On Redis, Memcached, Speed, Benchmarks and The Toilet

Tuesday, 21 September 10
The internet is full of things: trolls, awesome programming threads, p0rn, proofs of how cool and creative the human beings can be, and of course crappy benchmarks. In this blog post I want to focus my attention to the latter, and at the same time I'll try to show how good methodology to perform a benchmark is supposed to be, at least from my point of view.

Why speed matters?

In the Web Scale era everybody is much more obsessed with scalability than speed. That is, if I've something that is able to do handle a (not better defined) load of L, I want it to handle a load of L*N if I use N instances of this thing. Automagically, Fault tolerantly, Bullet proofly.

Stressing scalability so much put somewhat in shadow what in the 80's was one of the most interesting meters of software coolness, that is: raw speed. I mean old-fashion speed, that is, how many operations is this single thing able to perform? How many triangles can you trace in a second? How many queries can you answer? How many square roots can you compute?

Back in the initial days of home computing this was so important since CPU power was a limited resource. Now computers are way, way faster, but is still speed important, or should we just care about scalability, given that we can handle any load after all just adding more nodes? My bet is that raw speed is very important, and this are a few arguments: This does not mean we don't need scalable systems. Scalability is completely central for the future of Redis. I'll start working at Redis cluster in the next months almost full time. Just the right order is, IMHO, to get a very good single node that is very CPU/memory efficient, and then build a scalable system upon this efficient node.

Systems for the toilet

Apparently I'm not alone in reconsidering the importance of raw speed. The sys/toilet blog published a benchmark comparing the raw speed of Redis and Memcached. The author of this blog firmly believes that many open source programs (and not only) should better go to the toilet instead of running in real systems, since they are not good. I can't agree more with this sentiment. Unfortunately I also think that our dude is part of the problem, since running crappy benchmarks is not going to help our pop culture.

You should check it yourself reading the original post, but this is why the sys/toilet benchmark is ill conceived. Still this benchmark captured my interest. Even with all this problems, why on the earth Redis was showing so low numbers in multi-get (MGET) operations?

I checked the implementation better and found a problem in the query parsing code that resulted in a quadratic algorithm due to a wrong positioned strchr() call. The problem is now fixed in this branch, that is what I'm using to run the benchmarks, and that will be merged in Redis master within days. After this fix large requests are now parsed five times faster than before.

But at this point I started to be curious...

Redis VS Memcached

Even if Redis provides much more features than memcached, including persistence, complex data types, replication, and so forth, it's easy to say that it is an almost strict superset of memcached. There are GET and SET operations, timeouts, a networking layer, check-and-set operations and so forth. This two systems are very, very similar in their essence, so comparing the two is definitely an apple to apple comparison.
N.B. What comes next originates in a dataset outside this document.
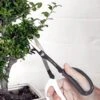 Japanese Pruning Scisssors 2 Japanese Pruning Scisssors -Garden Care Shop 3 4 crop 8612968 02V japanese pruning scisssors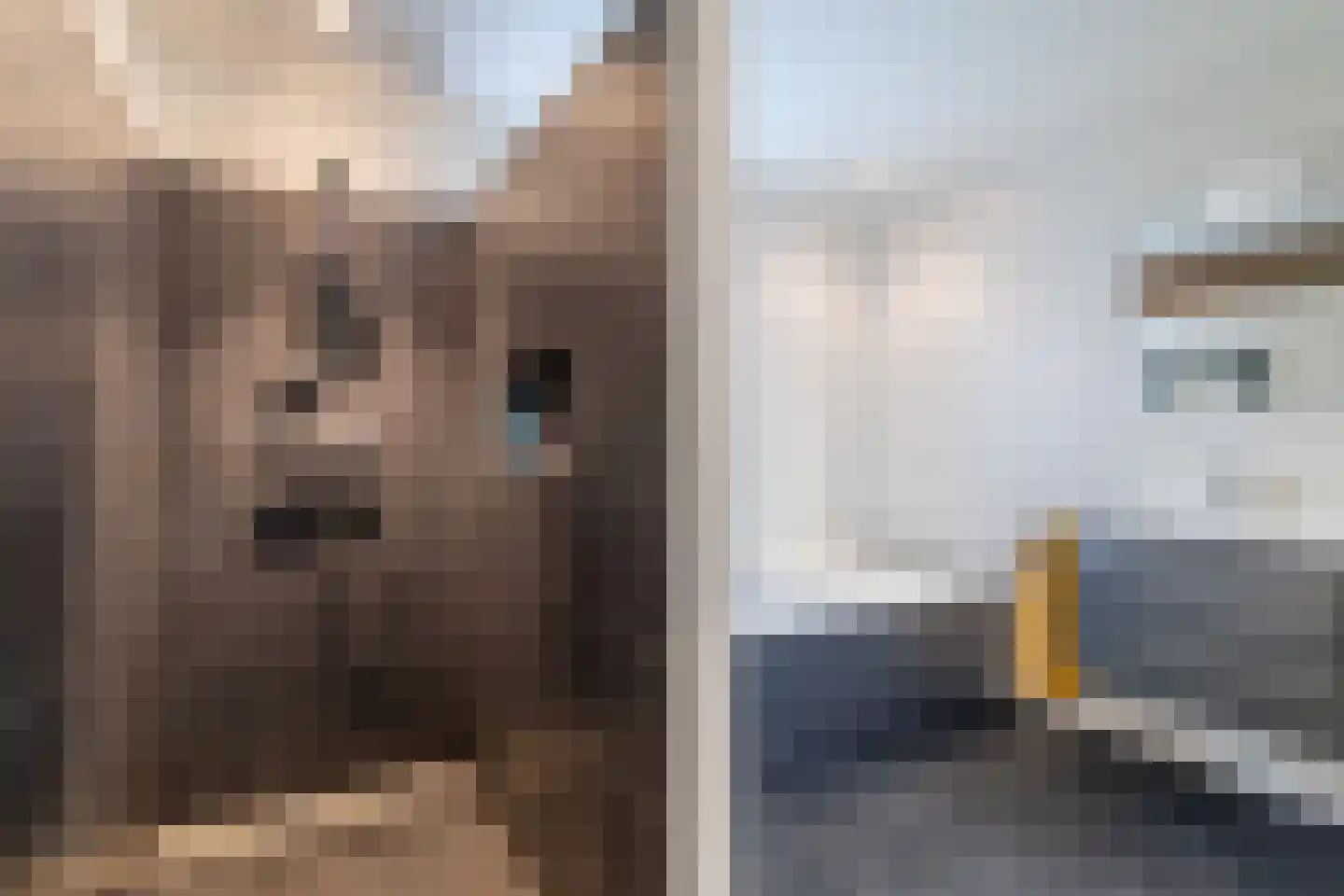 Platanenplein 10 Vriezenveen thumbnail 33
Not only this, but memcached is a truly mature software, that undertook a lot of real world stress testing and changes to work well in the practice. It's definitely a good meter to have for Redis. So given the great similarity between the systems if there are huge discrepancies likely there is a bug somewhere, either in Redis or memcached. And this actually was the case with MGET! I fixed a bug thanks to the comparison of numbers with memcached.

Apple to Apple, with the same mouth

But even comparing Apples to Apples is not trivial. You need to really have the very same semantics client side, do sensible things about the testing environment, number of simulated clients and so forth.

In Redis land we already have redis-benchmark that assisted us in the course of the latest one and half years, and worked as a great advertising tool: we were able to show that our system was performing well.

Memcached and Redis protocols are not so different, both are simple ASCII protocols with similar formats. So I used a few hours of my time to port redis-benchmark to the memcached protocol. The result is mc-benchmark.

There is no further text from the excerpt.